## Aim of the task
Whenever a line in the data below includes the string "staining", copy it out.

Stored records
+--

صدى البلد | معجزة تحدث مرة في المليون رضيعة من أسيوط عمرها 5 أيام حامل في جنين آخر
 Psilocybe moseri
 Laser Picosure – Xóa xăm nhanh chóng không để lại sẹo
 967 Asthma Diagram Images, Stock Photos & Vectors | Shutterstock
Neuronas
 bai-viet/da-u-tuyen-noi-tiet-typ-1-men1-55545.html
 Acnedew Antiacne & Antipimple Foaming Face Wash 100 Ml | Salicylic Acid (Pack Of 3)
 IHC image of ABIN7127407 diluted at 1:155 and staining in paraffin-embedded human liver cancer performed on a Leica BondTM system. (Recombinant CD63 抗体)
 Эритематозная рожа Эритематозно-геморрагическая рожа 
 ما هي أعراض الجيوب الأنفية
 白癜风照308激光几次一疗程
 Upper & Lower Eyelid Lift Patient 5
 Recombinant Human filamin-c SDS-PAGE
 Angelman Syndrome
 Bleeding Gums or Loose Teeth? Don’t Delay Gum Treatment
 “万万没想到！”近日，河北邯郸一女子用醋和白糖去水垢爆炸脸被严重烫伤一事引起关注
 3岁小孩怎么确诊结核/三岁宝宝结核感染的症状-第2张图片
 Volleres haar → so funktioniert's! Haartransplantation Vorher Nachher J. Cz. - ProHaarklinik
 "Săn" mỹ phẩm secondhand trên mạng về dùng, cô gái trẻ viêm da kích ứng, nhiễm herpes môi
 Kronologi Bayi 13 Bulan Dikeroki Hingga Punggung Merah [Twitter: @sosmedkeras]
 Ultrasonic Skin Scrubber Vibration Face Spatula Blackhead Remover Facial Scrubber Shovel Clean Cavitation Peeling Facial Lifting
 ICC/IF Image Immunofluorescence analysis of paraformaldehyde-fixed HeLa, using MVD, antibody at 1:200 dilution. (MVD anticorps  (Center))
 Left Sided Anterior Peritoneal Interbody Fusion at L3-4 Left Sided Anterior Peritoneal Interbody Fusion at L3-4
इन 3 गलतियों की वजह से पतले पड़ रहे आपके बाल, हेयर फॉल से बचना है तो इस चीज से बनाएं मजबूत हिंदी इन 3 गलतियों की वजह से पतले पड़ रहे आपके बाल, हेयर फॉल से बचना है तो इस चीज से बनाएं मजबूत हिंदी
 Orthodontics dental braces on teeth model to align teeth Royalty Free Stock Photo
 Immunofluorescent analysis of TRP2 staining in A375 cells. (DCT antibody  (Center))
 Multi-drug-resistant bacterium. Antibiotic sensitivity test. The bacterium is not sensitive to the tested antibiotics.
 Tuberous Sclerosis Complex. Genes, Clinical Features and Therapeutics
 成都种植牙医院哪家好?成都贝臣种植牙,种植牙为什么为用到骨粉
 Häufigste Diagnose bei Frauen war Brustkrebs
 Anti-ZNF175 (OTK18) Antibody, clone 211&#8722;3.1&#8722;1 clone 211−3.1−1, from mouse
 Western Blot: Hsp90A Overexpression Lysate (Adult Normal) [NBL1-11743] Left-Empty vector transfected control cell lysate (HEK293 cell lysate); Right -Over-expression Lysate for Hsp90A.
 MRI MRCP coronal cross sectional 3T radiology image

+--

## Output below
 IHC image of ABIN7127407 diluted at 1:155 and staining in paraffin-embedded human liver cancer performed on a Leica BondTM system. (Recombinant CD63 抗体)
 Immunofluorescent analysis of TRP2 staining in A375 cells. (DCT antibody  (Center))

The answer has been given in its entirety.